Clues for the clueless

It’s important to remember that positive identification of a modern synthetic diamond will most often need to be done by a laboratory capable of performing and interpreting the results of specific tests. In general, that means those labs in possession of deep ultraviolet imaging equipment, along with an infrared spectroscope, and their appropriate databases. This equipment and the necessary training for its use are currently available for purchase. However, the cost per potential use makes the expense difficult to justify for most of us. Eventually, as synthetic diamonds make further inroads into the mainstream jewellery markets, we may discover that some version of this testing equipment becomes as necessary to our business model as a binocular microscope is today.
However, we shouldn’t be disheartened—even without having the ‘ultimate’ gadgets, we’re not yet completely helpless. Many of us already have the equipment necessary to perform basic tests that might separate a large percentage of diamonds. The idea is to try to find evidence that a diamond is NOT synthetic using our microscope, spectroscope, ultraviolet lamps, rare-earth magnet, and a variety of filters possibly combined with immersion. If we can’t determine that our client’s diamond isn’t synthetic, it probably needs to go to a major lab.
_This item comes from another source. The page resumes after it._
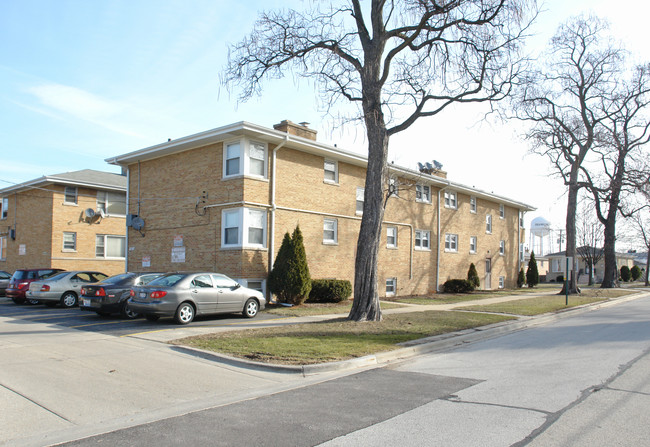 3102-3104 Calwagner St in Franklin Park, IL - Foto de edificio - Building Photo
The following tests are not likely to ‘prove’ a diamond is synthetic; we’re simply building evidence for a reasoned conclusion.
Microscope

Most of us have looked at many hundreds of diamonds under the microscope and probably don’t need much help recognizing inclusions. There are specific types of inclusions and inclusion assemblages that have never been found in a laboratory-grown diamond; therefore, if you find any of them, you’re not looking at a synthetic diamond. One of the easiest to recognize as a signpost is a colourless crystal. A garnet crystal is also an indicator of natural origin. On the other hand, black granular inclusions or feathers are not necessarily indicative of natural origin.
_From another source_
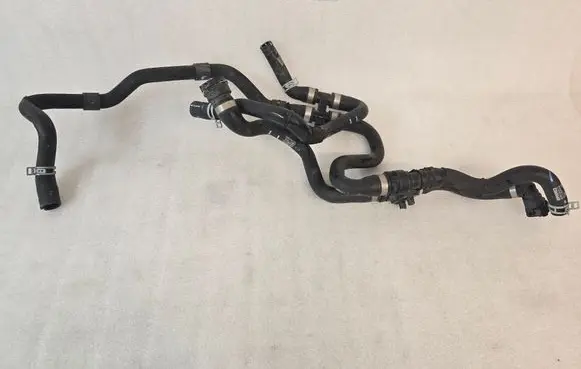 Volvo XC40 Engine coolant pipe/hose 32252121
While you’ve got your microscope handy, pull out your polarizing filters and check for the presence and appearance of any ‘strain’ or anomalous double refraction (ADR). Virtually all natural and some synthetic diamonds indicate ADR to a certain extent when examined between crossed polarizers. It is a very good idea to become familiar with the patterns found in known natural diamonds, since these can be a strong indicator of origin. Technically, they’re actually an indicator of the forces at work when the diamond formed and can also be useful in determining the diamond type. A contributor to this magazine, Branko Deljanin, along with Dusan Simic, has developed a half-day class on using crossed polarizing filters to identify diamond types and synthetic diamonds. This is the sort of educational offering that is essential to help us hone the skills we’re going to need to remain a viable part of the industry.
Still using the microscope, another important growth characteristic to check when examining fancy-coloured diamonds is the grain pattern and the colour zoning. HPHT synthetic diamonds can sometimes show very specific boxy grain patterns and distinctive colour zoning. The use of a light-diffusing filter can sometimes make these subtle features easier to see.